21 September 2011

Travelling Trials & Tribulations

The more I do it, the less tolerant I become of the rigours of international travel.  Yes I know, poor me.  But really, being cooped up in a really small seat isn’t the most comfortable way to wile away 24 hours.  It was different when I used to travel Business Class back in the day, but the day was some time ago.  These days as an impoverished shop-keeper I’m consigned to Economy and I swear the leg room gets smaller every six months – no doubt to cadge the extra space needed for the luxury suites that now take up the front of international flights. 

One interesting thing on Etihad Airlines that we haven’t encountered on another airline so far is the opportunity to view take-off and landing via a special camera on the plane’s under-carriage.  I wonder if it leads to pilots taking extra care when they know that the entire plane is watching and able to see what they’re seeing.  And then you can use the camera to point straight down as you’re flying along, and view the world from 40,000 feet as it passes below you. 

The movie options on Etihad aren’t anything to write home about – even though I’m doing precisely that.  There are a couple of flicks we’ve all heard of, but mostly they seem to be straight-to-DVD specials.  I fell asleep during one where mean-but-nasty-not-to-mention-invincible aliens invade Earth, but where in the end they were vinced thanks to the US Marines.  And what an easy gig that was for the actors, because it appears that US Marines don’t say much beyond Ooo-rah! and Outstanding! to each other so there wasn’t a lot of script to learn.  Maybe these words are like Chinese and saying them in different tones mean different things.  Or not.

Oh well, such has been our lot – trapped in a small seat and being force-fed bad movies for 24 hours.  We spent an hour and a half in the Transit Area of Changi Airport in Singapore, and it was good to get off the plane and stretch our legs.  I really would have preferred to have a stopover at this point and go and get into a decent bed, and I think in future trips we will have to schedule a few stops.  Why not?  Life’s too short to be uncomfortable if you don’t need to be.  But we found the koi carp pond in the Transit Area, which is a nice spot, surrounded by giant tree ferns, staghorns and assorted other greenery and the pond is stocked with a large number of big and beautiful fish.  Mostly they are orange and white, but occasionally a fish had mottled black markings which looked almost indigo blue and that looked lovely against the orange.  In Chinese symbolism I think koi carp indicate long life, and it reminded me that I should look for some nice Chinese items while we’re away, hopefully with fishes on them.

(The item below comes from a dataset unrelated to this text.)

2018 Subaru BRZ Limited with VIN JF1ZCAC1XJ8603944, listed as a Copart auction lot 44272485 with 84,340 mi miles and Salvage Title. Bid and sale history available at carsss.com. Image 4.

We got in late to Abu Dhabi last night and then had to present at the Airport in time for a 10am flight today so we didn’t get to see a lot, but early impressions are Sand.  Lots of Sand.  No shortage of Sand.  Stay in line, no pushing, plenty for everyone.  Yes sir, if you want Sand this is the place for you.  And, perhaps not surprisingly, lots and lots (and lots) of palm trees.  Very surprisingly, all around our hotel and along the road to the airport it’s very green, and we were dead impressed by the size of the desalination plants they must have secreted nearby.  And call me whimsical, call me dreamy (or call me jetlagged), but is it true that the moon rising over the desert is so much more romantic than anywhere else?  It wasn’t a full moon, but it was still big and fat and yellow and glowing and looked lovely.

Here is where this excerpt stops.